(Stored data entries)

BEGIN

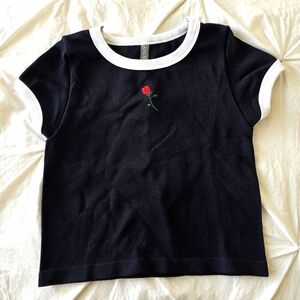 NWOT Anwnd embroidery rose tee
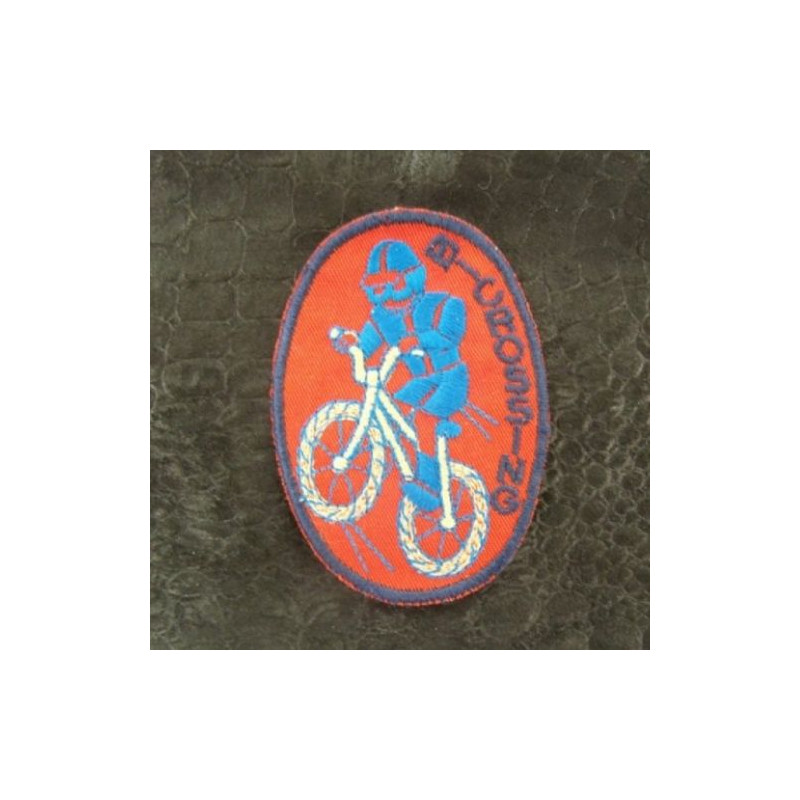 écusson thermocollant motif: VELO CROSS bleu et beige fond rouge  largeur 5cm sur hauteur 7cm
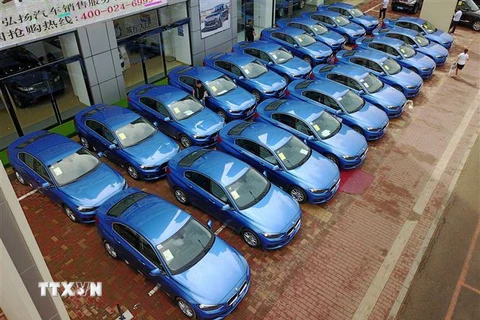 Xe ôtô BMW được trưng bày tại một đại lý ở tỉnh Liêu Ninh, Trung Quốc. (Ảnh: AFP/TTXVN)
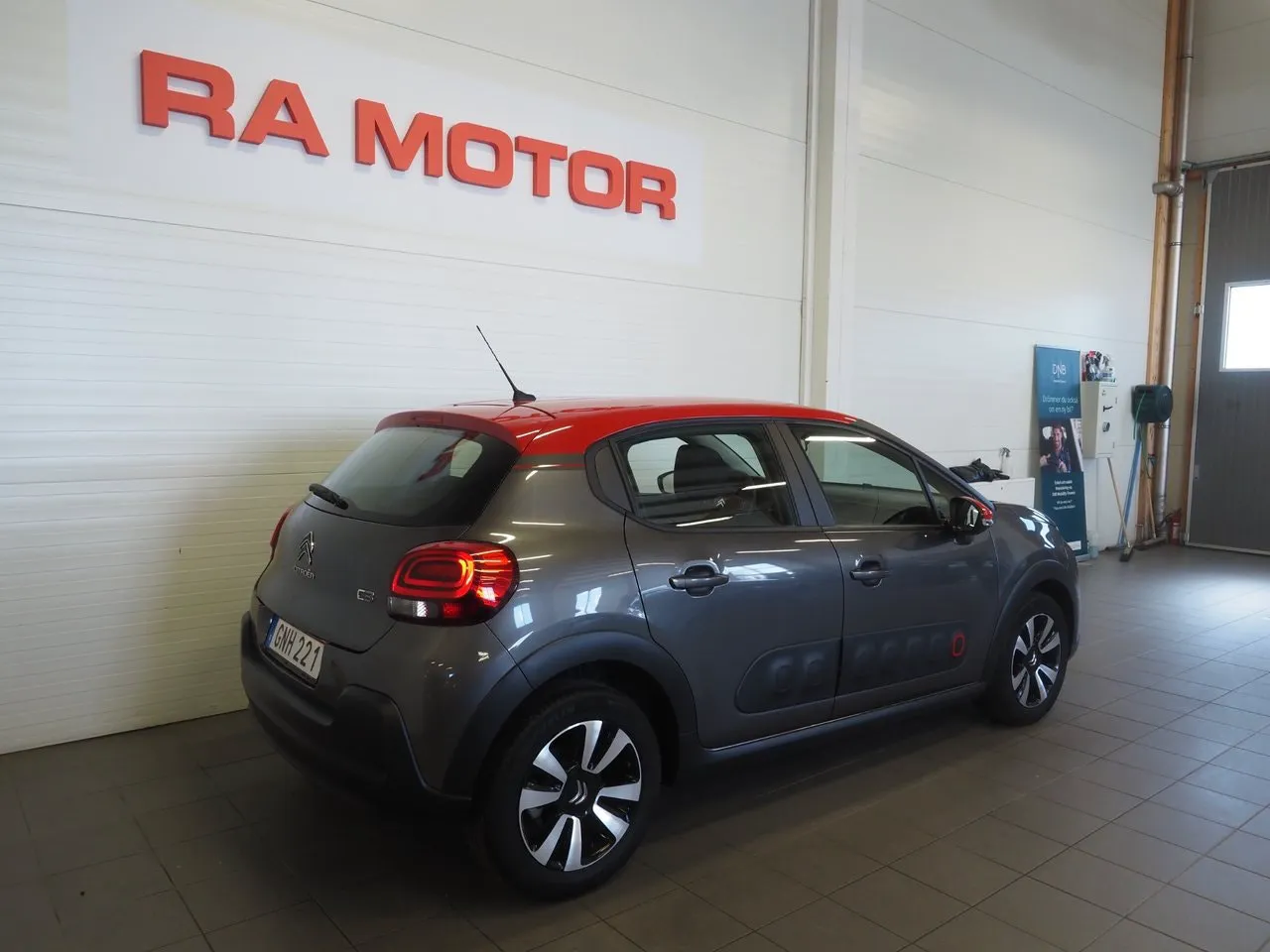 Vehicle image 4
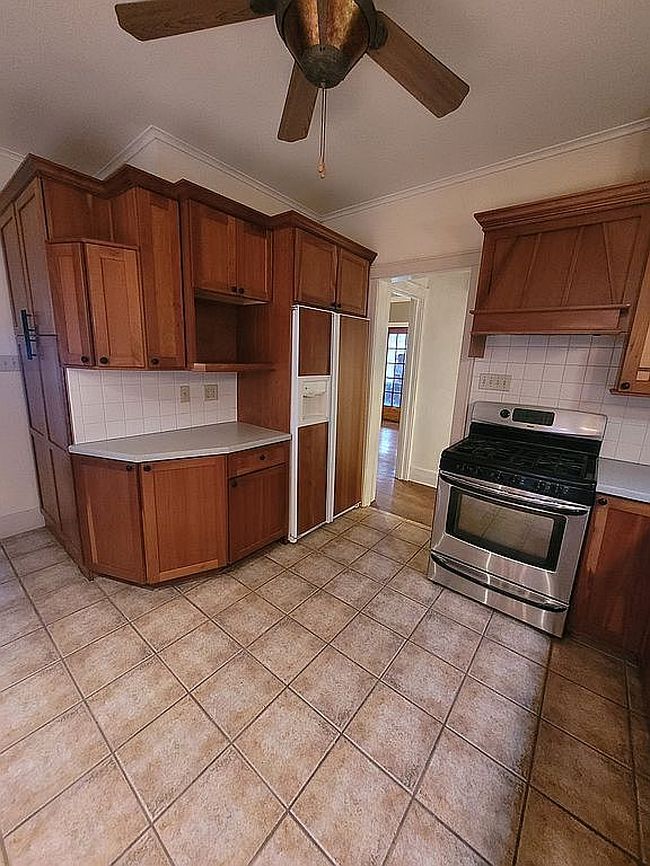 Image of 221 E Main St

END

■ **TASK PROMPT**
Output all of the records exactly as they appear above, but not the pictures.

■ **WRITTEN ANSWER**
 NWOT Anwnd embroidery rose tee
 écusson thermocollant motif: VELO CROSS bleu et beige fond rouge  largeur 5cm sur hauteur 7cm
 Xe ôtô BMW được trưng bày tại một đại lý ở tỉnh Liêu Ninh, Trung Quốc. (Ảnh: AFP/TTXVN)
 Vehicle image 4
 Image of 221 E Main St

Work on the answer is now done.